Quand le mouvement populaire a commencé le 22 février, le wali a joué la carte du chaos, en essayant de dresser les communautés les unes contre les autres. Aux mozabites, il disait « si vous manifestez vous allez vous faire tuer ». Et aux malékites, il disait « si vous manifestez les ibadites vont vous tuer ».
Finalement, ils l’on démenti. Ils sont sortis main dans la main et ont défilé dans la fraternité. Ils ont dénoncé le wali et procureur général. Je ne vais pas me taire. En tant que responsable du Conseil français du culte musulman, je reçois en permanence des insultes et des lettres de menaces.
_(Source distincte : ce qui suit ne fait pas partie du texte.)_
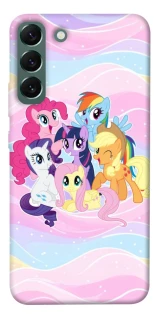 Чехол на Samsung Galaxy S22+ My Little Pony ver.3 фото 1 из 1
Comment pourrais-je me taire face aux agissements des autorités locales de Ghardaïa ? Comment ne pas dénoncer ces soi-disant responsables nommés par l’État mais qui sèment la haine et la division et laissent les militants mourir ?
Quel est le sentiment du Collectif des mozabites d’Europe ?
Je n’ai pas arrêté de recevoir des appels ces deniers jours. Aujourd’hui, ils se sont bien sûr amplifiés avec l’annonce de cette tragédie. La communauté exprime sa colère et son indignation et demande à ceux qui sont en charge de la sécurité du pays de prendre leurs responsabilités.
Le Conseil adresse ses condoléances à la famille et aux proches de Fekhar, en leur disant que ce crime ne restera pas impuni. Je lance un cri d’alarme pour que le cas de Hadj Brahim Aouf soit pris en charge afin qu’il ne connaisse pas le même sort tragique. Nous demandons aussi la libération de tous les détenus politiques afin qu’ils puissent regagner leur domicile en cette période de fête de l’Aïd.
Depuis que Mohamed Bensalem a pris ses fonctions à Ghardaïa, il a lancé plusieurs mandats d’arrêt contre des mozabites que rien ne justifie. Ils sont d’ailleurs nombreux à avoir fui la région de peur de se faire arrêter et jetés en prison. Il y a des mozabites emprisonnés depuis trois ans sans jugement. Ce sont des personnes qui ont refusé de se laisser spolier de leurs terres.
Que compte faire immédiatement votre Collectif ?
Nous avons convoqué une réunion pour ce soir. Elle sera suivie d’un communiqué où l’on s’exprimera davantage.